There is a an often quoted phase, attributed to a variety of different folks, that goes something like this:   If you do what you have always done, you will get what you have always got. The problem is that it isn’t really true.  Not in many cases, not any more.  Because for many organisations, doing what you have always done is the road to obsolescence.

Social media is a great example. I could wax lyrical about the benefits of social media.  I already have done so in plenty of blog posts and presentations.  But although we are heading towards the laggard stage, for some it is still something they don’t want to know about.  Aren’t ready to adopt or learn about, let alone recognise its importance to any organisation.  It is also something that people bitterly complain about or joke about. I’m still hearing ‘isn’t twitter just about telling people what you had for breakfast?’.

First they ridicule you……

There are those organisations out there who, when faced with a game changer and a challenger, rather than ask why people feel that they need to change the game at all, just try and close it down, hard if they have too.  Just look what is happening to our HR friends in New Zealand who have challenged their professional body.

Then they fight you…..

So to every early adopter, game changer, challenger or innovator.  To everyone trying to do new stuff or improve old stuff, hold your nerve.

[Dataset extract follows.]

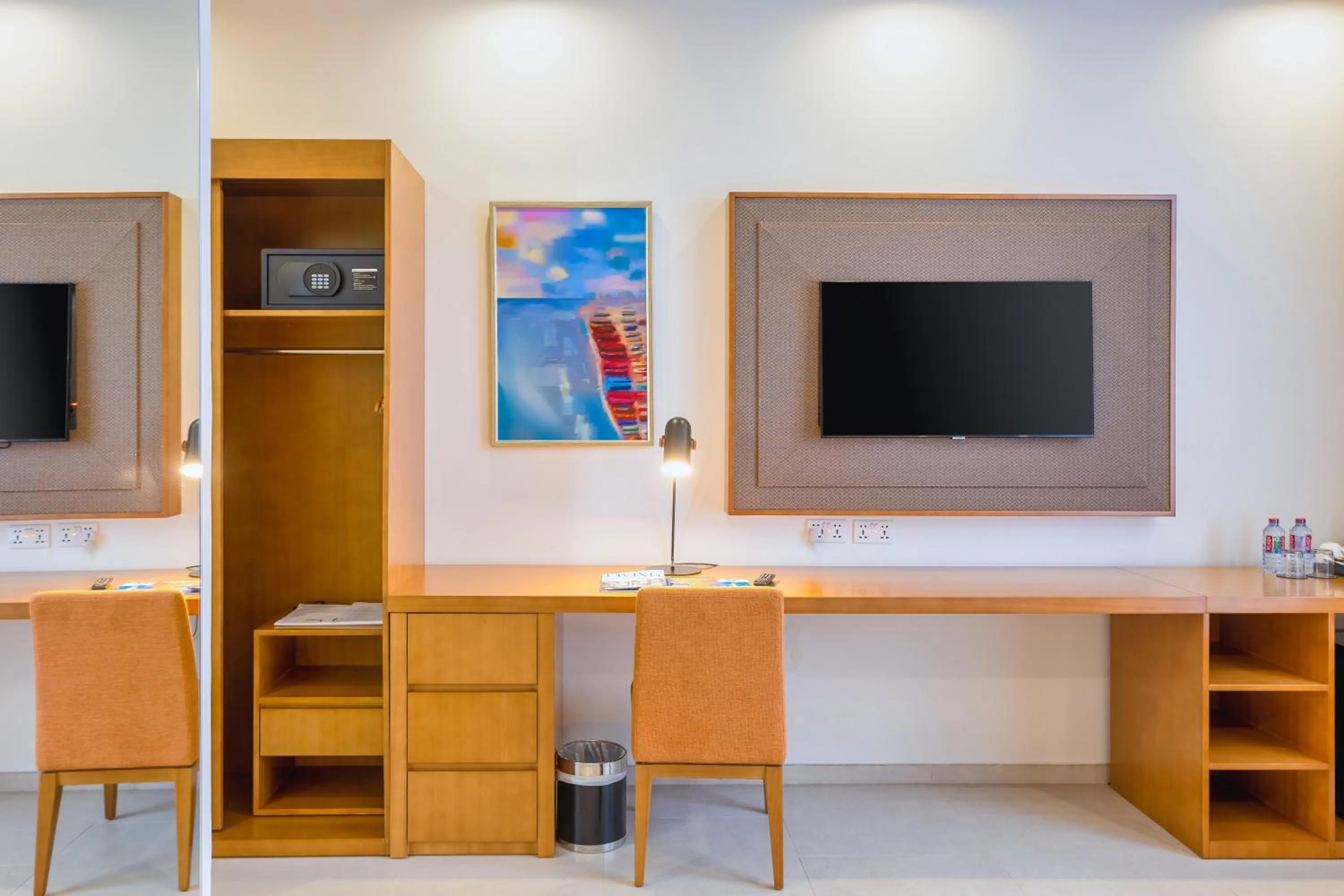 TV and multimedia in Alisa Hotel Tema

Because when all of the ignoring and the ridiculing and the fighting is done, just maybe you will win.

And if you are the person who rolls their eyes when someone at your place comes up with an off the wall idea, make sure they are not an early adopter. And that the one doing the ignoring, the ridiculing, the fighting, isn’t you.

Lead from the bottom

I was recently delivering a coaching programme. We got to talking about how to really embed coaching within an organisation.  What makes it really become effective, how to get the best from the style.  The conversation turned to the role of senior leaders, and the extent to which their involvement is needed, or otherwise, in order to make a step change in approach.

Whether it is embedding something like coaching, managing organisational change, introducing social culture – take your pick of the people stuff – the role of leaders is often talked about. Take social media.  The CIPD research ‘Putting Social Media to Work’ confirmed its importance in legitimising the use of enterprise social networks within organisations.

When it comes to embedding new stuff the role of senior leaders is important, and fulfils several roles.  It gives permission that something is acceptable at your place, or a good use of work time.  It sets an example, acts as a role model for behaviour.  It can help move things forward more quickly than they otherwise might.  It can provide heightened visibility or perceived value.

But for all the benefits of senior leader involvement, it is just as important that its absence does not become an excuse not to do something. The role of senior leaders is embedding new stuff is important.  But it is not essential.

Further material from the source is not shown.